L’aventurier fut bientôt à même d’apprécier le sentiment public à l’égard des étrangers en général et de lui-même en particulier. Le soir de ce jour, le second qu’il passait à la station, après le dîner, et comme les hommes fumaient en commun sur la vérandah élevée en face de la maison, Wagha-na mit sur le tapis le passage d’Ulphilas Pitch et de Gisber Schulmann. Les divers convives du chef firent des gorges chaudes à ce propos, et les défauts des deux vilains personnages furent vigoureusement critiqués.
Au moment où les noms du Yankee et de son compagnon furent prononcés, Sourbin laissa échapper une exclamation.
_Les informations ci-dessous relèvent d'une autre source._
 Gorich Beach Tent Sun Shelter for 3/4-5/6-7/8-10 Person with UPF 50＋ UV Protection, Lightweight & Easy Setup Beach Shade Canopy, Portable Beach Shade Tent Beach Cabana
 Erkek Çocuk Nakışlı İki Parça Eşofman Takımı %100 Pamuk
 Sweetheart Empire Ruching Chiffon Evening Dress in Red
Les yeux pénétrants du Bison Noir ne l’avaient pas quitté. Le chef indien demanda :
— Est-ce que vous connaissez ces deux hommes, monsieur Sourbin ?
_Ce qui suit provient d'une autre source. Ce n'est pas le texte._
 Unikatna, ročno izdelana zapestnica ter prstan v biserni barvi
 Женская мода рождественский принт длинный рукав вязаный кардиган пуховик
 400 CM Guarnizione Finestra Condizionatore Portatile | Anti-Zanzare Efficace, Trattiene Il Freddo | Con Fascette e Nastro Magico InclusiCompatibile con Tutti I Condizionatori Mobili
Léopold comprit qu’une dénégation serait non seulement inutile, mais dangereuse, qu’au lieu de les dissiper, elle ne ferait que corroborer les soupçons. Il paya donc d’audace et répondit d’un ton dégagé :
— Assurément, je les connais. Je viens de les retrouver à l’hôtel du Bon Roi Henri. Mais j’avais déjà fait leur connaissance à New-York. En vérité, je n’aurais jamais cru que ce fussent des gens aussi suspects que vous le dites.
Madeleine intervint de sa douce voix.
— Très sincèrement, nous devons reconnaître que nous les avons surtout jugés sur leurs mines, qui ne sont pas attirantes. Pour moi, j’ai été outrée de l’insolence de ce Germain à l’égard de mon père. C’était fort imprudent de la part de gens qui voulaient se concilier la bienveillance.
— C’était surtout une preuve de grossièreté évidente, fit remarquer Georges Vernant.